Op 8 juli 2005 heeft [K] , werkzaam bij de Belastingdienst/FIOD-ECD te Amsterdam (hierna: FIOD), een ‘uitgewerkte MOT-melding’ over de heer [L] aan de Belastingdienst Lelystad – de eenheid waaronder belanghebbende ressorteert – toegestuurd ter attentie van de Boete Fraude vakgroep. In de brief, waarbij deze uitgewerkte melding is gevoegd, is vermeld dat een gelijktijdige controle van de heer [L] en [H] wenselijk lijkt. In het proces-verbaal “Onderzoek Verdachte transactie” ten name van [L] (hierna: MOT-melding), gedagtekend 7 juli 2005, is onder meer het volgende vermeld:
‘1.1 Korte casusbeschrijving
Naar aanleiding van een doorgemelde MOT-melding waarin melding wordt gemaakt dat de heer [L] betrokken is bij de volgende transacties in de periode van 20 september 2004 tot en met 3 december 2004:
- Contante opnames (…)
- (…)
- Het geld afkomstig is van [H] B.V. Dit bedrijf heeft in dezelfde periode respectievelijk € 50.300 en € 107.655 op de rekening van [L] gestort
heb ik onderzoek gedaan naar deze transacties.
(…)
[H] B.V. is beschreven voor de omzetbelasting vanaf 1 juli 2004 en heeft omzetbelastingaangifte in 2004 gedaan. Deze aangiften zijn nihil, er wordt ook geen voorbelasting geclaimd.

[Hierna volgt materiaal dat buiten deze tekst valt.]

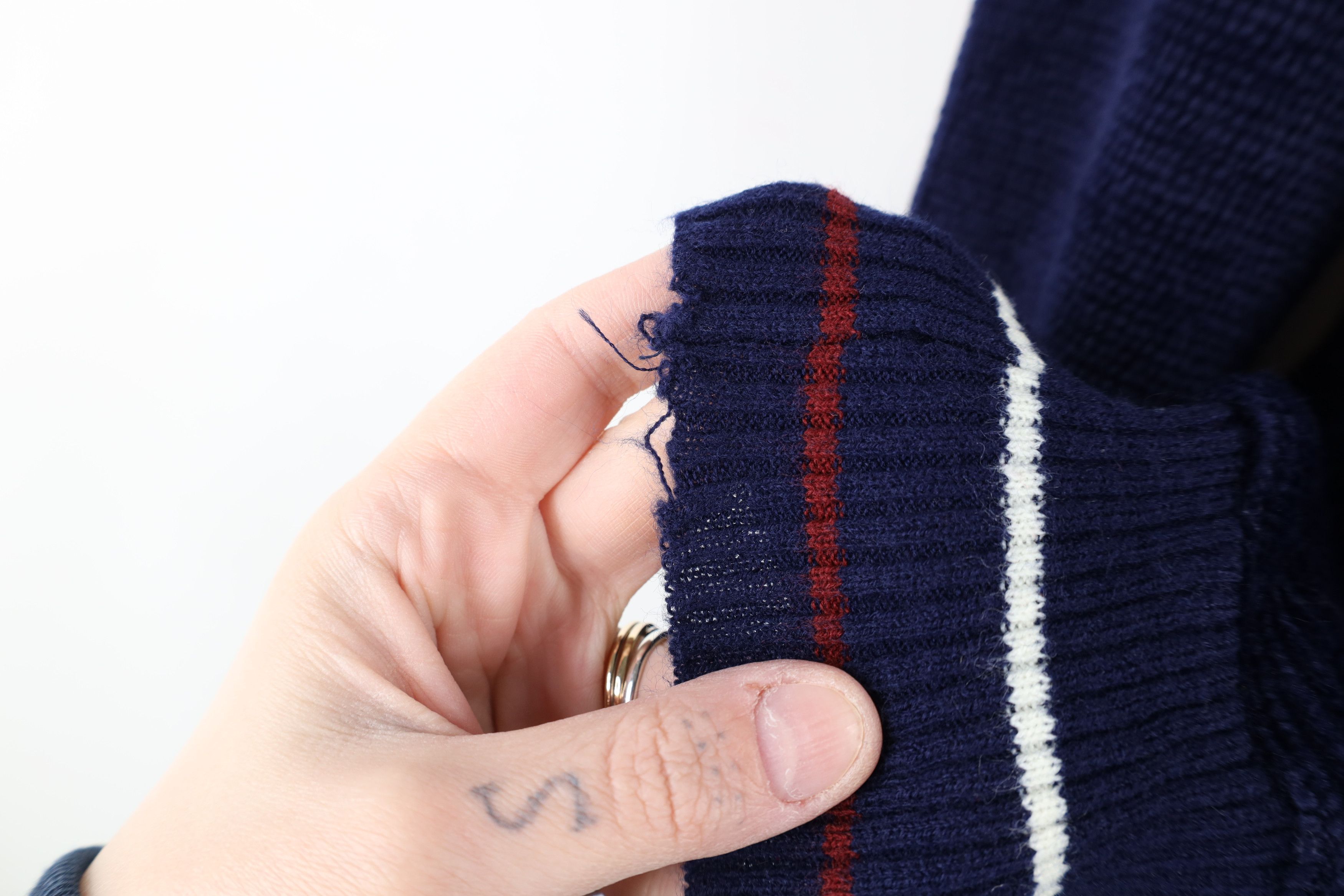 Vintage Vintage 70s Streetwear Ribbed Velour V-Neck Sweater Blue Size M / US 6-8 / IT 42-44 - 5 Thumbnail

Het vermoeden is dat [H] B.V. en [L] de geleverde diensten niet verantwoorden naar de Belastingdienst en zodat er te weinig belasting wordt betaald.
(…)
Uitgebreide casus beschrijving
Aanleiding onderzoek.
(…)
Gezien het bovenstaande is het vermoeden dat [H] B.V. de heer [L] betaalt voor geleverde diensten. Mogelijk neemt de heer [L] het geld op om medewerkers of inhuurkrachten zwart uit te betalen. Ook een mogelijkheid is dat de heer [L] voor [H] B.V. geld aan het witwassen is.
(…)
Feiten en omstandigheden die leiden tot een redelijk vermoeden.
(...)
Eveneens heb ik onderzoek gedaan naar [H] B.V. In bijlage 2 staan de gegevens uit de systemen van de Belastingdienst vermeld.
[H] B.V. wordt verdacht van het opzettelijk indienen van onjuiste aangiften omzetbelasting over het jaar 2004 en/of het witwassen van gelden (…)
2 Vervolg stappen
ATV-Richtlijnen:
Het fiscale nadeel is alleen door een onderzoek van de Belastingdienst vast te stellen. De gegevens uit de MOT-melding zijn van belang om een goede controle te kunnen uitvoeren.
(…)
Verzoek
Naar aanleiding van het bovenstaande verzoek ik u de ons bekende gegevens en deze analyse uit deze MOT-melding ter beschikking te stellen aan de Belastingdienst voor heffing en inning.
(…)
Bijlage 2: Onderzoek in de Belastingdienstsystemen
1. (…)
- -
-
[H] B.V. is opgericht op 9 december 2003 (…)
- -
-
Als adres is bekend [ ]
- -
-
(…)
- -
-
[H] B.V. is beschreven vanaf 1 juli 2004 voor de omzetbelasting. De omzetbelastingaangiften over het jaar 2004 waren nihil.
- -
-
Als enig aandeelhouder staat geregistreerd [J] B.V (…)
- -
-
Als enig aandeelhouder van [J] B.V. staat [X] geregistreerd met fiscaal-nummer [ ], dit is tevens het dossiernummer bij de Belastingdienst.
- -
-
De heer [X] is geboren [in] 1953 en staat ingeschreven op hetzelfde adres als zijn B.V.; (…).
- -
-
(…)
2. Fi base: (…) Over de heer [X] staan over de jaren 2000 tot en met 2004 geen inkomensgegevens geregistreerd (…)’
3. (…)
4. HSB systeem: (…) Op naam van [J] B.V. staat een Mercedes-Benz geregistreerd (…). De auto is nieuw op 10 september 2004 gekocht. Daarvoor stond een op 18 september 2003 nieuw gekochte Mercedes-Benz (…) op zijn naam. (…)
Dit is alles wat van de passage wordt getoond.